Beginning at the line that contains "Bioretention cells —" and finishing at the line that contains "Another region that's", output the data below exactly. Include both end lines and no pictures.

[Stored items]
####

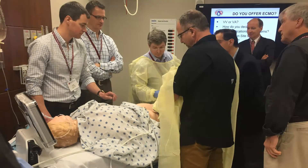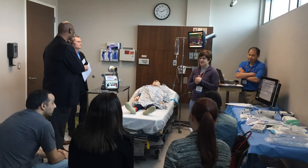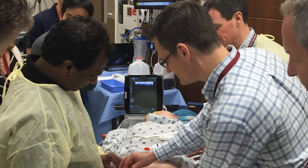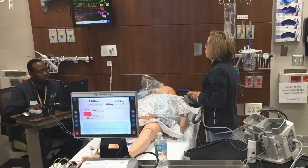We're going to be exposing participants to situations like postcardiotomy shock and the need for mechanical support, the different options and complications that can come with that patient population, cardiac arrest and emergent ECMO cannulation, acute respiratory failure and cannulating patients for veno-venous ECMO, and the opportunity to provide ambulatory awake ECMO.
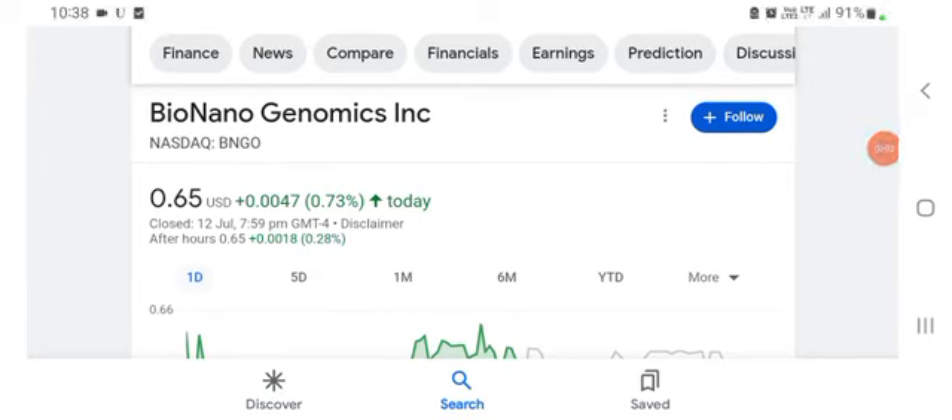Hello everybody, welcome back to our YouTube channel. Today in this video I am talking about Bayer Nano Genomic stock. In this video we talk about stock pros and cons, technical analysis, and the latest news about it.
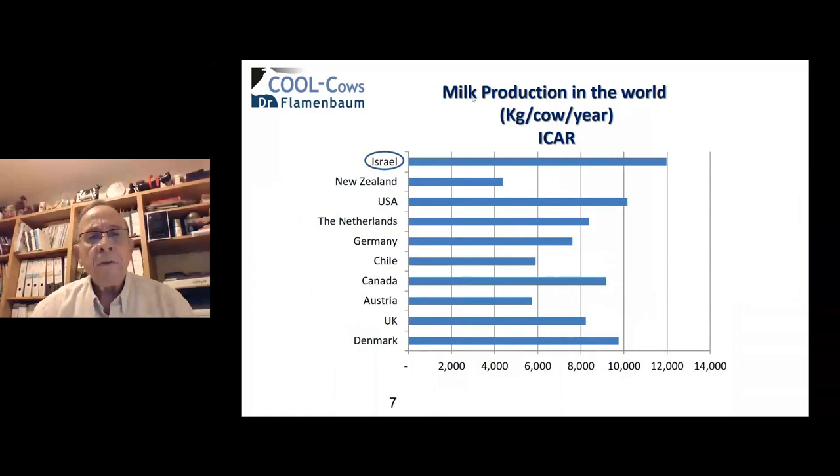Average milk production yield in 2021 for cooperative farms was 12,300 kilograms — about 27,000 pounds per cow per year — with 3.9% fat and 3.4% protein. Comparing internationally, Israel leads with an average of 12,000 kg per cow per year, followed by the United States at about 10,000 kg, and Denmark at a similar level. In contrast, New Zealand, a grazing country, requires three cows to produce the amount of milk that one cow produces in Israel. So we are reaching very high production despite very warm and difficult conditions.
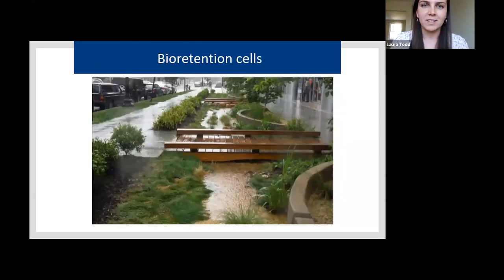Bioretention cells — another DC example — are a lot larger than rain gardens and typically more highly engineered, but they function similarly: trapping and holding that first flush of water. They can be used in highly urbanized landscapes and are seen more in commercial or large-scale settings, whereas rain gardens are more of a small-scale residential application.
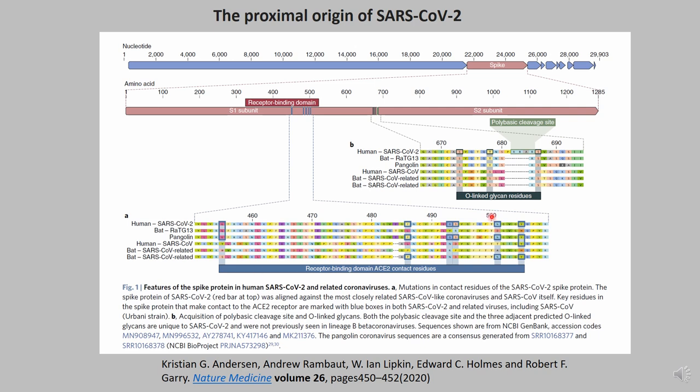Another region that's different is the region between the S1 and S2 subunits. A polybasic cleavage site has been identified in SARS coronavirus 2 — shown here by the green block — but not in many of the other genomes compared, including human SARS coronavirus. This polybasic cleavage site doesn't exist in those other genomes, and this is further evidence that SARS coronavirus 2 did not come from its pathogenic predecessor, SARS coronavirus.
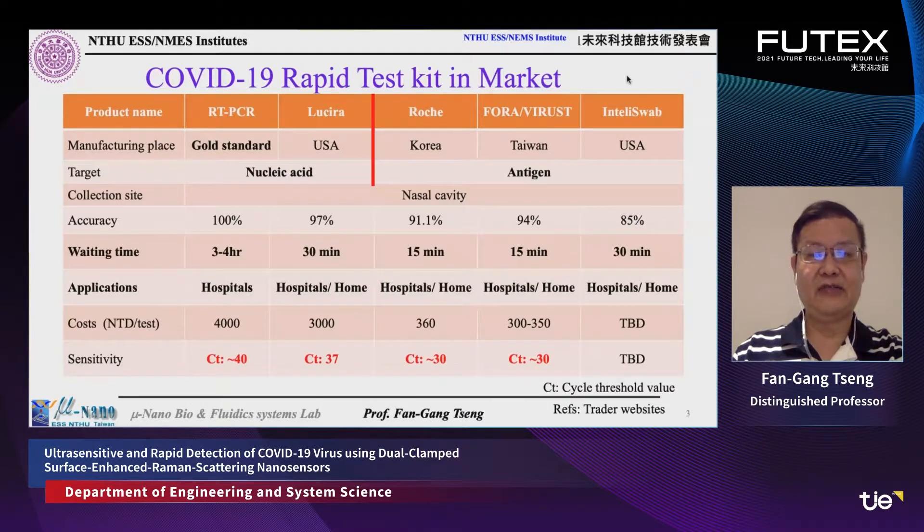In addition to PCR nucleic acid-based detection, if you want even faster testing at lower cost, antigen-based protein detection for the virus is also important and has been developed by many countries and companies. For example, products from Roche, Abbott, and others have been developed in Korea, Taiwan, and the USA. The waiting time can be reduced to 15 minutes, accuracy can exceed 90%, and cost can be reduced to around 10 US dollars per test. However, the Ct value has been reduced to around 30, meaning the sensitivity is much worse.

####

=== Solution to the exercise ===
Bioretention cells — another DC example — are a lot larger than rain gardens and typically more highly engineered, but they function similarly: trapping and holding that first flush of water. They can be used in highly urbanized landscapes and are seen more in commercial or large-scale settings, whereas rain gardens are more of a small-scale residential application.
Another region that's different is the region between the S1 and S2 subunits. A polybasic cleavage site has been identified in SARS coronavirus 2 — shown here by the green block — but not in many of the other genomes compared, including human SARS coronavirus. This polybasic cleavage site doesn't exist in those other genomes, and this is further evidence that SARS coronavirus 2 did not come from its pathogenic predecessor, SARS coronavirus.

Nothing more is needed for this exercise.